„Od momentu ogłoszenia założeń reformy zwracaliśmy uwagę na problem drastycznie zmniejszonych szans ponad 720 tys. młodych ludzi na dostanie się do wymarzonych szkół i klas o wybranym profilu”

– napisali rodzice obecnych siódmoklasistów i uczniów drugich klas gimnazjów. Reforma oświatowa, że dzieci kończące klasy ósme oraz trzecie gimnazjum będą starały się dostać w jednym czasie do tych samych szkół. Pani Minister Edukacji uspakajała, że nie ma problemów, bo dzieci będą chodziły do różnych klas o innej podstawie programowej i nie będą dla siebie konkurencją. Jest to oczywiście bzdurne tłumaczenie, ponieważ dzieci będą konkurować o miejsce w szkole i nauczycieli. Szkoła ma określoną liczbę sal lekcyjnych i na pewno ich nie przybędzie. Jeżeli w roku szkolnym 2017/2018 w Krakowie brakło miejsc dla 1200 uczniów w krakowskich liceach, co wydarzy się za rok? Trzeba mieć świadomość, jeszcze dwóch rzeczy. Po pierwsze na licea zostały nałożone limit ilości otwieranych oddziałów (klas), po drugie szkoły, które będą uczyły dzieci na drugą zmianę mają otrzymać niższe dopłaty. Uruchomienie drugiej zmiany wymaga zatrudnienia dodatkowych nauczycieli, których nie ma a biorąc pod uwagę obniżenie dopłat znalezienie nowych nauczycieli stanie się wręcz niemożliwe. Polityka taka jest spowodowana brakiem uczniów w szkołach zawodowych i technikach, do których na siłę będzie się wciskać dzieci.
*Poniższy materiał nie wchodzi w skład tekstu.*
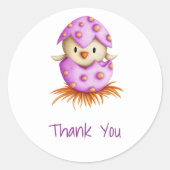 かわいいピンクの鳥の巣ありがとう ラウンドシール (正面)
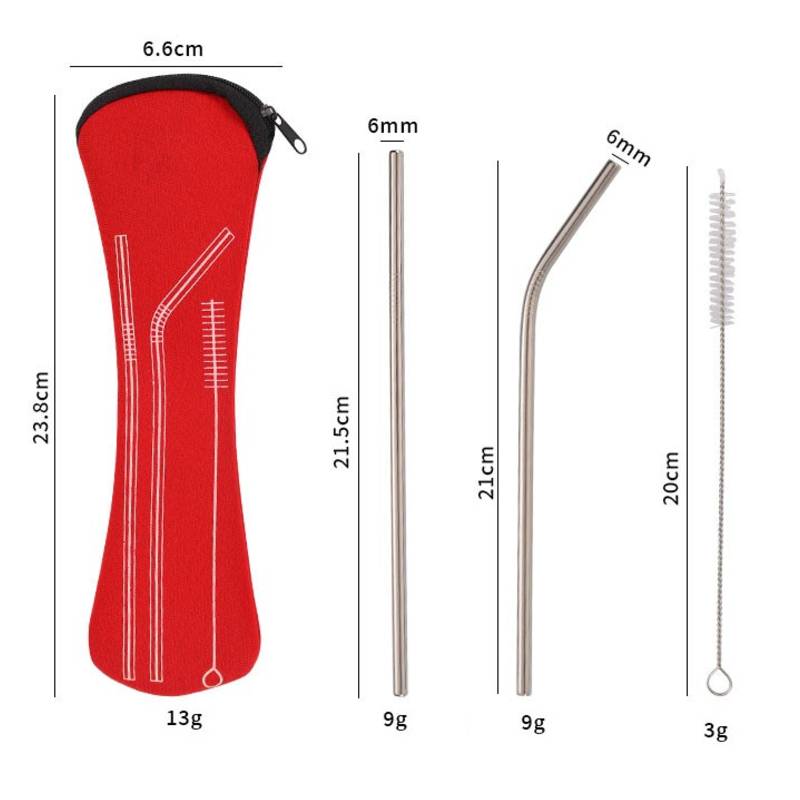 Pouch and Straw Size Guide Portable utensil pouch and straw size guide.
Jak radzą sobie dyrektorzy szkół w tej sytuacji?

Niestety jak mówi Dyrektor I Liceum Ogólnokształcącego w Krakowie w wywiadzie dla dziennika Gazeta.pl (Gazeta Wyborcza) już w naborze na rok szkolny 2018/2019 zostanie przyjętych mniej uczniów, aby zrobić miejsce na przyszły rok. Nie jest to niestety odosobnione stanowisko. W sondzie, jaką przeprowadziliśmy wśród liceów nie tylko w Małopolsce na pytanie: Czy szkoła zamierza podjąć jakieś kroki, aby przygotować się do kumulacji w roku szkolnym 2019/2020? Zdecydowana większość odpowiedział, że nie zamierza podejmować żadnych działań. Bardzo niebezpiecznym zjawiskiem jest fakt, że prywatne szkoły podpisują umowy już na rok szkolny 2019/2020, co oznacza, że w prywatnych szkołach miejsca może zbraknąć wcześniej niż w przyszłym roku. Przykładem jest krakowska szkoła Palo, która prowadzi maturę międzynarodową. W rozmowie z Wydawnictwem Jagiellonia Prof. Waligóra powiedział, że proces rekrutacji na rok 2018/2019 został zakończony już w lutym.